While 1,600 employees in a 130-attorney practice might seem like an inefficient way to run a law firm, Linebarger Goggan Blair & Sampson markets its business model as one of the most efficient ways for its clients to get the results the firm aims to produce.
Linebarger Goggan opened in Texas in 1979 and has focused on real estate tax collection ever since. It now handles tax collections, foreclosures and related areas of law for municipalities across the country.
The firm’s first expansion outside of Texas was to Philadelphia in 1997. The office started with about four people and has now grown — as the work demand grew — to a staff of 50, including seven attorneys.

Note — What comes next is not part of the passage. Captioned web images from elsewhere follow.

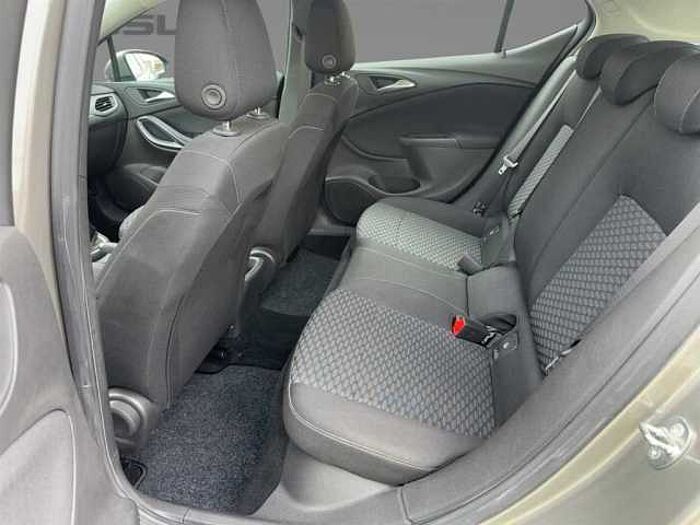 Opel Astra K Edition 125Ps 1.Hand Standheizung Parkpilot Tempomat uvm.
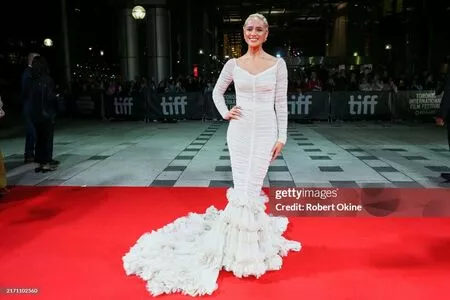 Nathalie Emmanuel / missnemmanuel / nathalieemmanuel фото голая #0431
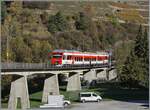 Ein Region Alps Nina ist bei Sembrancher auf dem Weg von Le Châble nach Martigny und fährt über die 370 Meter lange Sembrancher Brücke. Die Stammstrecke der M-O führt nach Orsière, da beim Bau das Fernziel Aosta/Italien im Visier stand. Doch zum Bau der Mauvoisin Staumauer errichtete man die Zweistrecke nach Le Châble, die im August 1953 in Betrieb ging und heute danke dem Wintersportort Verbier weit mehr Verkehr aufweist, als der Streckenast nach Orsière.

30. Okt. 2024 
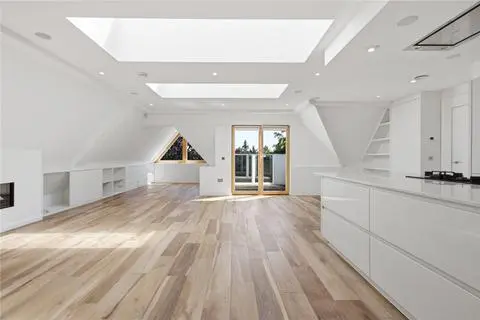 2 bedroom penthouse to rent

The impetus for opening a regional office was that the firm had become involved in a city of Philadelphia project focusing on delinquent tax liens. In 1997, the city sold a bundle of delinquent tax liens to a local bank.

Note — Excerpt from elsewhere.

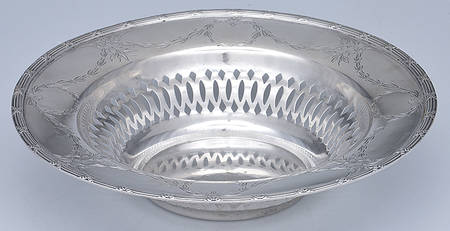 124XE (Sterling, Hollowware) by Wallace Silver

Linebarger Goggan’s Philadelphia office managing partner, Sharon Humble, said the firm worked on that collections project with the city, the bank and the School District of Philadelphia.
In September, the city of Philadelphia teamed up with Linebarger Goggan once again to implement a new tax initiative to collect delinquent property and business taxes. The firm’s current contract with the city is for collections of delinquent real estate taxes. The contract was initiated for fiscal year 2005 and has had a maximum overall spending limit of $10 million.
After going through the normal collections process, the firm recently filed the first batch of lawsuits against those taxpayers who haven’t paid up. The 100 suits represent $3.6 million in delinquent real estate taxes. The city and the firm said this was the first step in the real estate tax foreclosure process. They expect to file more lawsuits in the coming months against nearly 23,000 delinquent properties, seeking a grand total of $235 million.
As part of its contract with the city, Linebarger Goggan has been trying to collect from some of the delinquent taxpayers for three years. They helped set up a financial hardship payment plan for those who couldn’t pay everything up front. Once that process was exhausted and it seemed clear the taxpayers wouldn’t pay up voluntarily, the firm initiated suits, Humble said.
So what is the benefit of Linebarger Goggan to cities that say they don’t have the monetary resources or manpower to collect the taxes themselves?
“Our collection fee is statutorily enabled,” Humble said.
The firm works on a pure contingency basis and only gets paid if it collects the taxes. So if a taxpayer owed $100, Linebarger Goggan would send that person a bill for $118 to include its fee, she said.
“It’s the delinquent taxpayers paying our bills,” she said.
Once starting with a new client, the firm recoups its investment gradually, Humble said. It took a few years to see a return on its investment in Philadelphia. When the firm first started in the city with the tax lien securitization, Humble said, it was paying for all of the mailings that went out.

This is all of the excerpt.